Being the Honda Motor Company, powertrains and the engineering that goes on behind them is especially important. Two new engines will serve in the 2016 Civic, each with their own unique character. Down at the entry level, the starter engine is a 2.0L naturally-aspirated gasoline four-cylinder unit, putting out 158hp and 138lb-ft of torque. This engine is available with a six-speed manual or an available CVT automatic. What Honda is most excited about, however, is the all-new 1.5L turbocharged gasoline four-cylinder. It produces 174hp and 162lb-ft of torque, the latter of which is available from 1800rpm. Paired up with the CVT (a manual transmission isn’t available with the 1.5L turbo, for now), it comes together to make the 2016 Civic the most powerful ever, if you don’t count the Si trim. What’s very interesting is the fact that the turbo-equipped cars have dual exhausts hidden under the rear bumper. Dual exhausts – on a Civic!

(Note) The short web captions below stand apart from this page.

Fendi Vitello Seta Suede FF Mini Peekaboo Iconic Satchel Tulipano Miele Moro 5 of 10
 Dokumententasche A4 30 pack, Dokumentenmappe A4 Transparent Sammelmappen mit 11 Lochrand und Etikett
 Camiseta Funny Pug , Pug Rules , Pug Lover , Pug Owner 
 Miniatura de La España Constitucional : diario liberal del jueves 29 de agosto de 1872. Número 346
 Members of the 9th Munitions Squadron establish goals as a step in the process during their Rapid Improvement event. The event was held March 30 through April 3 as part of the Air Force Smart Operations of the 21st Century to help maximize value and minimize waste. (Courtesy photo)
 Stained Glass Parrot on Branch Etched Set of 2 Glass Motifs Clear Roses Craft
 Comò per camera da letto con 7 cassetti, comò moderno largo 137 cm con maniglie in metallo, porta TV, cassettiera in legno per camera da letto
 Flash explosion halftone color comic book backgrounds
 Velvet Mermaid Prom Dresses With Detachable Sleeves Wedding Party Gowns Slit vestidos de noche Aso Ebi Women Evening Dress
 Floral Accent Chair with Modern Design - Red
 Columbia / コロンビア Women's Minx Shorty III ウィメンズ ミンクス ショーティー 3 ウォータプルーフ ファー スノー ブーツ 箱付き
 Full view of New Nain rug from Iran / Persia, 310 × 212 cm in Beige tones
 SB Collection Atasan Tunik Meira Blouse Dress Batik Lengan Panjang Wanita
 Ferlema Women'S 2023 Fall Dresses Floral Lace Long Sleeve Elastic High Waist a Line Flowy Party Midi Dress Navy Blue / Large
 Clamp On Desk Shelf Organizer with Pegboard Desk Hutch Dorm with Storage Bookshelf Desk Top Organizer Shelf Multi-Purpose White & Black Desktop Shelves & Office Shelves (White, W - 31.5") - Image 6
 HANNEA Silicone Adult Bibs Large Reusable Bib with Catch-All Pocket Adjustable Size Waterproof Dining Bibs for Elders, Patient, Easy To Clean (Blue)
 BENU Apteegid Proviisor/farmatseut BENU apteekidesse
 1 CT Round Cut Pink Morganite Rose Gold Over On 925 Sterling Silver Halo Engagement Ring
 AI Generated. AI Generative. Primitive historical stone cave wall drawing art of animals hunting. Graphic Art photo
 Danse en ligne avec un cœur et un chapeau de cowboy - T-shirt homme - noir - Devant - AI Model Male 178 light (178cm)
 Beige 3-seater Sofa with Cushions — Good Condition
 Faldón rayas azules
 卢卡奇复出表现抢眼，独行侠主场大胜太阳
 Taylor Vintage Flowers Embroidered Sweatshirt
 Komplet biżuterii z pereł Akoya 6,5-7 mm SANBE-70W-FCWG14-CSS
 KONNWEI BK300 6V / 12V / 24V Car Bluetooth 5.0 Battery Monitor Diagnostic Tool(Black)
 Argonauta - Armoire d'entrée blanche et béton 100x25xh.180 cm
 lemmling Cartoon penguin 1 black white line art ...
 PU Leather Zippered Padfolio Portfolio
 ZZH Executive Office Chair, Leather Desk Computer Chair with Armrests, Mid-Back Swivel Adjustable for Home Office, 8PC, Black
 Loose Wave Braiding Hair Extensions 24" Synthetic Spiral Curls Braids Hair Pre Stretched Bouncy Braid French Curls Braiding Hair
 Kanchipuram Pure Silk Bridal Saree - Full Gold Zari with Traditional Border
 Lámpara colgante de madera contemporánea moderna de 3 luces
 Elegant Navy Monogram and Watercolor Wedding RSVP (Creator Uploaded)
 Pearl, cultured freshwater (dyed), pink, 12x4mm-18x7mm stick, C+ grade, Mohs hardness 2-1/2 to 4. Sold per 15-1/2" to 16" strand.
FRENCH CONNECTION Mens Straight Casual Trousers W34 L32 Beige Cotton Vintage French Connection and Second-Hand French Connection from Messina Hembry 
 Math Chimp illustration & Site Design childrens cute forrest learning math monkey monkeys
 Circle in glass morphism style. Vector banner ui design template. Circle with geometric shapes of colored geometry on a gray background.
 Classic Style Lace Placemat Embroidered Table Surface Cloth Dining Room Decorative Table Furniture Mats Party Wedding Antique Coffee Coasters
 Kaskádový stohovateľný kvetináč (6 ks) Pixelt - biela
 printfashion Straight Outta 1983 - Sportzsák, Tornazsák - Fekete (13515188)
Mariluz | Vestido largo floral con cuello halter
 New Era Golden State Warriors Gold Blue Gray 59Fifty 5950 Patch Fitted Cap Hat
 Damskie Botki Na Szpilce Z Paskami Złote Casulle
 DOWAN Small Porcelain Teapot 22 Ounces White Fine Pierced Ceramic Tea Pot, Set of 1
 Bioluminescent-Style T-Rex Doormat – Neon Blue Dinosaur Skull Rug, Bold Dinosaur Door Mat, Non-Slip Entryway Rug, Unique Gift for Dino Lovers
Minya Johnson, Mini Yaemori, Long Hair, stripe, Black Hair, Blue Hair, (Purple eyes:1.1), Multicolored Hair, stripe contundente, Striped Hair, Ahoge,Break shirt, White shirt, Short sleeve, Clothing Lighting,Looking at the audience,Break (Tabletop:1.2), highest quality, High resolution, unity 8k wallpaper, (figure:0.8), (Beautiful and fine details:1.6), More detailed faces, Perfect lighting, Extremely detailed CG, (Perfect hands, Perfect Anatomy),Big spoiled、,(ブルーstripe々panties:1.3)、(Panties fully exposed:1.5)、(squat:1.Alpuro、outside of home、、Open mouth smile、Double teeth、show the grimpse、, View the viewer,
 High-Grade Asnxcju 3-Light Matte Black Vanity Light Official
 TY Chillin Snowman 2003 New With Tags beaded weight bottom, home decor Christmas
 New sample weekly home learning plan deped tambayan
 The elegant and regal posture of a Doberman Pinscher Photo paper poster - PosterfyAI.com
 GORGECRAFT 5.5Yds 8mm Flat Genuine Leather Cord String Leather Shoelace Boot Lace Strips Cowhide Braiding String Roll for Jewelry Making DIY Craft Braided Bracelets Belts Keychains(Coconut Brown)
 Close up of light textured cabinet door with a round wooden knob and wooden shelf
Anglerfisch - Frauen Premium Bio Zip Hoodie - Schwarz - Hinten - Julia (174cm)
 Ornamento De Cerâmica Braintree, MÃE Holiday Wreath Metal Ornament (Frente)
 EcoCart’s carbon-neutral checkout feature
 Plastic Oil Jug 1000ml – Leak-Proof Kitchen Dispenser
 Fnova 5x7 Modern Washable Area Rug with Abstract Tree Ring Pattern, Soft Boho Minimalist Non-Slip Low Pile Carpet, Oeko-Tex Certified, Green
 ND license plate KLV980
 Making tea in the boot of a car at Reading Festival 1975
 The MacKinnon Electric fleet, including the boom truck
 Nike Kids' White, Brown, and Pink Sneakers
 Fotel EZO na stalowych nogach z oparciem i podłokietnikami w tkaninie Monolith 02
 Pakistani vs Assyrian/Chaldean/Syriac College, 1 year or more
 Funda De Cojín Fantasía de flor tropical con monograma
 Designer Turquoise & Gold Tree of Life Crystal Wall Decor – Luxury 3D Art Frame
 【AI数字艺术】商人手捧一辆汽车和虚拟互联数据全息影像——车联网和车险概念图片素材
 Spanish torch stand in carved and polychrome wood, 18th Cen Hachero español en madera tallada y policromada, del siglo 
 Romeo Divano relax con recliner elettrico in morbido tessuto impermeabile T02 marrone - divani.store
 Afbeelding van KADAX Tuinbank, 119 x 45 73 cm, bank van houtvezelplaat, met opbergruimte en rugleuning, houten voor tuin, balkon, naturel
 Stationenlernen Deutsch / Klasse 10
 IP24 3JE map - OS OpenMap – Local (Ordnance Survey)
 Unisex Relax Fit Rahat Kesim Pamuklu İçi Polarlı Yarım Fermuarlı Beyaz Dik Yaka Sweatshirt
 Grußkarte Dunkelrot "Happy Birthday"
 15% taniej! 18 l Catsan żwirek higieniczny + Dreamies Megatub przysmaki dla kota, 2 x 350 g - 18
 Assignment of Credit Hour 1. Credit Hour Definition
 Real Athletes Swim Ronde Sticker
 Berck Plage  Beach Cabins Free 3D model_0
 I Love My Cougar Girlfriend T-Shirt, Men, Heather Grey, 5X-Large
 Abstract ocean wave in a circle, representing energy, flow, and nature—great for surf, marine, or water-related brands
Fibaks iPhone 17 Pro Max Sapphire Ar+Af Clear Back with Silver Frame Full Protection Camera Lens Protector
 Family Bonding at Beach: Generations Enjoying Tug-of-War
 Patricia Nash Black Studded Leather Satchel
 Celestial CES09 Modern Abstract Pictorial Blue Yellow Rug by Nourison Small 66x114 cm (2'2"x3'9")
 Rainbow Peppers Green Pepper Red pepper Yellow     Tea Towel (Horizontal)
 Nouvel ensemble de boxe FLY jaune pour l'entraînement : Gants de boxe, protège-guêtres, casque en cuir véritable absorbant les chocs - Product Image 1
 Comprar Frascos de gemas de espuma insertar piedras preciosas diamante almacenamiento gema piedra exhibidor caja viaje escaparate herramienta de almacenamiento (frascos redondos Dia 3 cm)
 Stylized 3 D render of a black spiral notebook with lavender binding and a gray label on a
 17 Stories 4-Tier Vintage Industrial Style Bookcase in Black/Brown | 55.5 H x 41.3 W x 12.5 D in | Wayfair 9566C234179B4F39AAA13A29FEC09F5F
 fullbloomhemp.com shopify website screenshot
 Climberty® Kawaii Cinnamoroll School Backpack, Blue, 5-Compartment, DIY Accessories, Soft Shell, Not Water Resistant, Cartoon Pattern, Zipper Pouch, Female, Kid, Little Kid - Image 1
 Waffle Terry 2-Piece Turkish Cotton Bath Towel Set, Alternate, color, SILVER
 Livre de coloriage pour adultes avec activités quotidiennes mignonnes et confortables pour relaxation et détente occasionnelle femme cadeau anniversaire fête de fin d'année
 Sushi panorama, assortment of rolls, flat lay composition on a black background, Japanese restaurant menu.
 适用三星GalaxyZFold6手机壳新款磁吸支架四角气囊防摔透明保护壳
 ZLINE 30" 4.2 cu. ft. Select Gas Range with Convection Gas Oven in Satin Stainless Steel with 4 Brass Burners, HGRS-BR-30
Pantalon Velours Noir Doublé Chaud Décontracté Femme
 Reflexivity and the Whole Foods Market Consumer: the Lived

I got the chance to try out both powertrains and both transmission variants and came away impressed – in some ways much more than I expected. The 1.5L turbo engine pulls strongly throughout its rev range, and the CVT (with its torque converter) does a great job smoothing out the slightly non-linear power delivery, due to the single-scroll turbo spooling up to full pressure. Turbo lag wasn’t really an issue. The Sport mode on the gear selector does a good job keeping revs up, and more importantly, the turbo spooled up, ready to move air. The digital instrument cluster can be set up to display a turbo boost gauge, which are always fun to look at. What really surprised me was how good the base 2.0L engine is. Digging a little further into the details, I discovered that this is Honda’s renowned K20 engine, but updated with direct injection, as well as weight and friction reductions. Paired up with the six-speed manual, this 2.0L unit loves to rev, provides a meaty midrange punch, and sounds great up to its 7000rpm redline. I like the 1.5L turbo engine for its meaty torque delivery, but the base 2.0L engine provides more of the old-school Honda feel.
As for the chassis, the engineers were proud to point out all the improvements in the hardware as well as the structural rigidity, both of which contribute significantly to what the driver feels. More use of high-strength steel and even little details like hydraulic control arm bushings help the car stay planted in dynamic situations, all while retaining good ride quality. Chucking the Civic into some long sweeping corners, I was impressed by the high-speed stability, even with average all-season tires. The braking hardware is also improved, with standard disk brakes at all four wheels, and a larger master cylinder. In terms of what the driver feels, the brake pedal is firm, confident, and very easy to modulate smoothly.
In typical Honda Canada fashion, trim levels differ slightly compared to what’s available south of the border. The base DX is not expected to be a volume seller, thanks to the lack of air conditioning. The LX model is what you’ll likely find on dealer lots, and comes with the creature comforts people expect nowadays. The bonus is that the LX gets the all-important Apple CarPlay and Android Auto. Stepping up to the EX trim gets you some more premium features, like the available 1.5L turbo-four (in the EX-T), remote start and aluminum wheels. The top-end Touring trim adds satellite navigation (an integrated Garmin unit, independent of Apple CarPlay and Android Auto), leather seats, the awesome LED headlights, and more chrome bits here and there. We plan to delve into more specific pricing details when we spend more time with the Civic.
The compact car segment is such a tough place to play in these days. So many cars are shamelessly pulling features down from more premium segments. What was a luxury ten years ago, is now being found in cars like the 2016 Honda Civic. The level of refinement and feature set in this segment is unheard of, even from just a few years ago. The new Civic pushes the boundaries of what a comprehensive re-design consists of, in a C-segment car. The new chassis and powertrain alone are worth spending some time looking at, and Honda’s love for technology is very evident, once again. We’ll be spending lots of time in all the different variations of the 2016 Civic, but just from first impressions, Honda should have a winner on their hands.